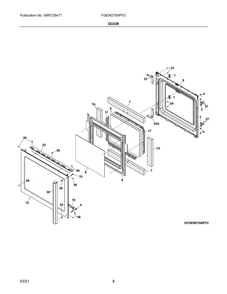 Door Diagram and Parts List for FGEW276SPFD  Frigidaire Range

==

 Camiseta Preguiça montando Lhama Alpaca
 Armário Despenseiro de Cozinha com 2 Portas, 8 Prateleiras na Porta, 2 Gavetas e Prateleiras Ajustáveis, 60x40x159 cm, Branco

### YOUR TASK
The reply should consist solely of the lines above from the one that has "Camiseta Preguiça montando Lhama Alpaca" through the one that has "Armário Despenseiro de", reproduced exactly.

### WRITTEN ANSWER
 Camiseta Preguiça montando Lhama Alpaca
 Armário Despenseiro de Cozinha com 2 Portas, 8 Prateleiras na Porta, 2 Gavetas e Prateleiras Ajustáveis, 60x40x159 cm, Branco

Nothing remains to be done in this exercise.